From Sweden: Strömstad – Sandefjord, the clever line

Less well known to international travellers, this Color Line service (2h30, 2 departures a day) links the west coast of Sweden to the Oslo fjord. It’s worth it in one specific case: if you’re heading up through Sweden anyway (via Gothenburg), it takes you across to Sandefjord for cheap — it’s the cheapest line to Norway — and saves you the detour via Oslo to come back down towards Larvik and the south coast. Norwegians use it in droves to do their shopping in Sweden, local vibe guaranteed.

  • Ship: Color Hybrid (Color Line) — the world’s largest plug-in hybrid ferry when it entered service.
  • Departures: 2 a day each way all year round (from Sandefjord around 10am and 5pm, returns from Strömstad in the morning and late afternoon).
  • Duration: 2h30 of quiet crossing among the islands.
  • Indicative prices: the cheapest line to Norway — car + 2 people often under €100, foot passenger for a few euros in a deal.
  • My tip: you’ll mostly rub shoulders with Norwegians off to do their shopping in Sweden — local vibe guaranteed, and the duty free stormed on the way back.

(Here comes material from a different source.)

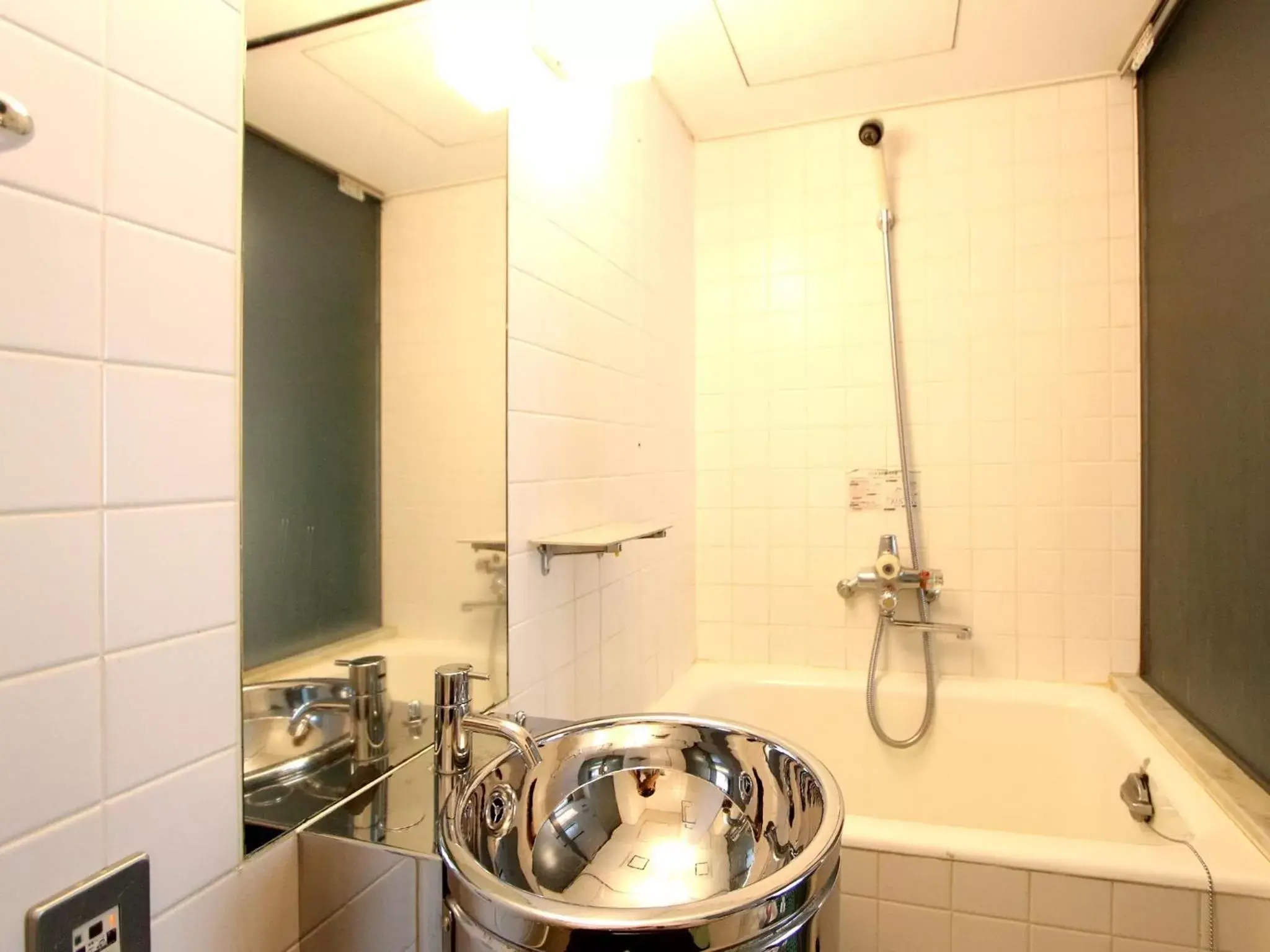 Bathroom in HOTEL LiVEMAX BUDGET Yumoto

How much does the ferry to Norway cost?

Prices are dynamic, like flights: the same crossing can vary threefold depending on the season, how full the sailing is and how far ahead you book. A few benchmarks for a car with 2 people, one way:

  • Strömstad – Sandefjord: the cheapest, often under €100
  • Hirtshals – Kristiansand / Larvik / Langesund: €100 to €250 depending on season and time
  • Hirtshals – Stavanger – Bergen: €250 to €500 with a cabin
  • Copenhagen – Oslo: €250 to €450 with a cabin
  • Kiel – Oslo: €350 to €700 with a cabin (the priciest, but you’re paying for the cruise and the night)

What makes the bill move:

  • The season: July-August is the absolute peak; June and September are noticeably gentler.
  • The length of the vehicle: beyond 6 metres (motorhomes, trailers), the fare climbs sharply — exactly like on the Norwegian domestic ferries.
  • The cabin: compulsory on Kiel-Oslo, strongly recommended on the other overnight lines. Outside cabins cost more than inside ones.
  • The round trip: booking the outbound and return together often gets you around 10% off the return.
  • How far ahead you book: the earlier you book, the cheaper it is, plain and simple.

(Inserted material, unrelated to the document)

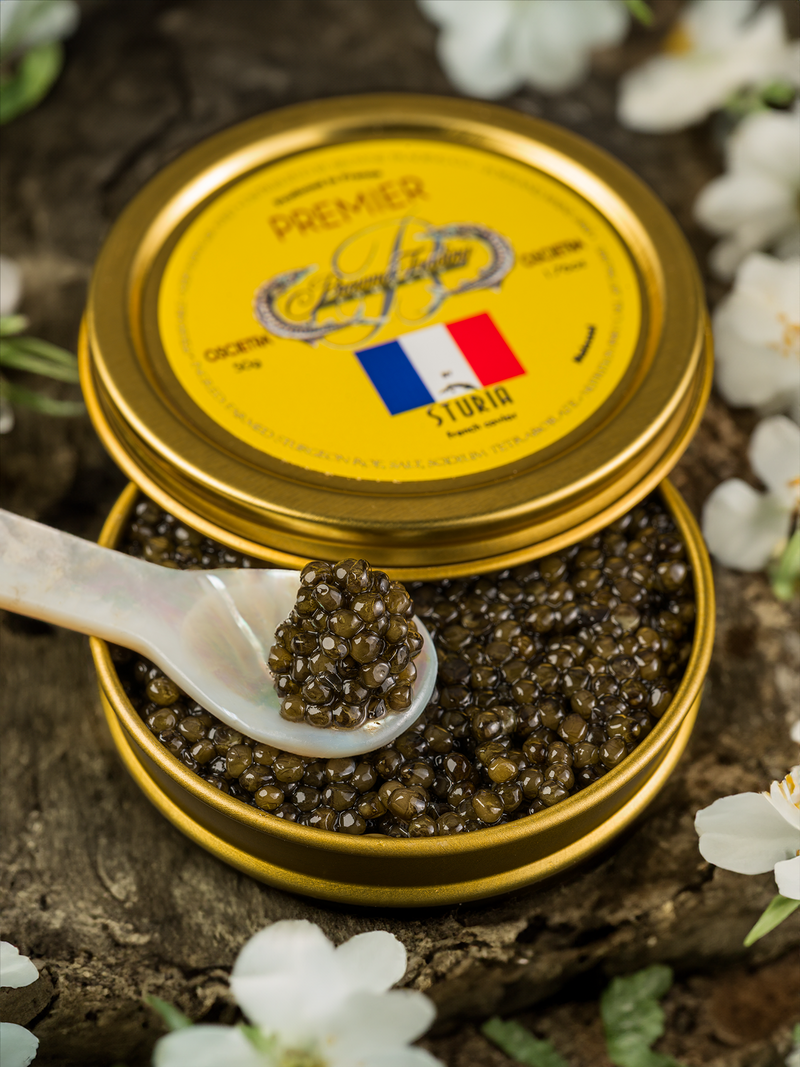 Open gold tin filled with Sturia Premier Osetra caviar and a white mother-of-pearl spoon scooping caviar, placed on rustic wood surrounded by white flowers.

How to book, and how far in advance?

Unlike the Norwegian domestic ferries where you board without a ticket, here booking is essential: car spaces and cabins go fast, and prices rise as the date gets closer.

My practical tips:

  • For a July-August departure: book 2 to 3 months ahead, especially for the overnight lines with a cabin (Kiel – Oslo and Hirtshals – Bergen are the most in demand) and if you’re travelling in a motorhome.
  • For the short crossings from Hirtshals: around 6 weeks ahead generally gets the best prices.
  • Off season: you can book at the last minute without worry, the ships are far from full.
  • Compare before you book: the timetables and prices of the different companies are easy to compare on Direct Ferries, which brings together all the lines to Norway.

When booking, have ready: your vehicle’s dimensions (length AND height, be honest, it’s checked at the gantry), the number of passengers, and your cabin preferences. Boarding usually closes 30 to 60 minutes before departure: turn up 1h to 1h30 early in summer.

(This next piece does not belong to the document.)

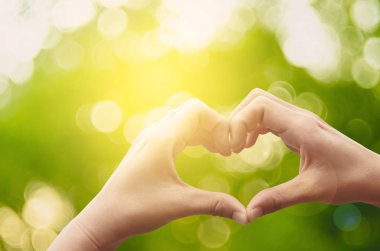 Eller şekil doğa yeşil bokeh güneş ışık parlama üzerinde kalp ve yaprak arka plan bulanıklık. 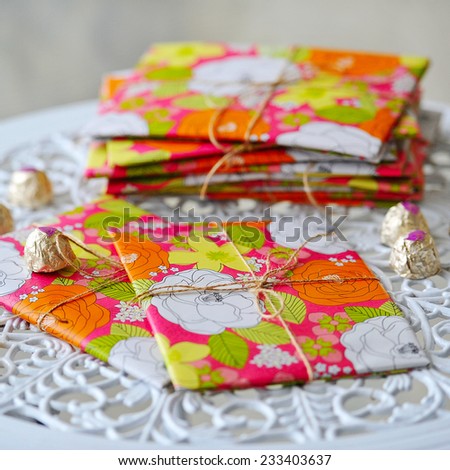Beautifully styled and wrapped presents and sweets on white lace table cloth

And getting back from Norway? The loop trick

All these lines obviously run in both directions, and that’s where there’s a real play to make: nothing forces you to go home the way you came.

The trick I recommend for a road trip in southern Norway: draw a loop with two different lines. For example:

  • Arrive in Kristiansand → work up the west coast (Stavanger, Preikestolen, the fjords) → return from Bergen: you never drive the same road twice, and you spare yourself the Bergen-Kristiansand return (450 km of fjord roads, gorgeous but slow).
  • Arrive in Oslo via Kiel → grand tour of the fjords → return Bergen – Hirtshals: ideal from Germany or eastern France.
  • The other way round, start with the fjords (arriving in Bergen) and finish gently in Oslo before a return via Kiel or Larvik.

The companies sell these combinations without any trouble (they’re just two one-way tickets), and Direct Ferries lets you mix companies. The only thing to watch: one-way tickets are a little pricier per kilometre than round trips on the same line — but the gain in kilometres, time and scenery wins hands down.

instagram northern lights norway vincent voyage

FAQ: your questions about the ferry to Norway

Is there a direct ferry from France, Belgium or the Netherlands?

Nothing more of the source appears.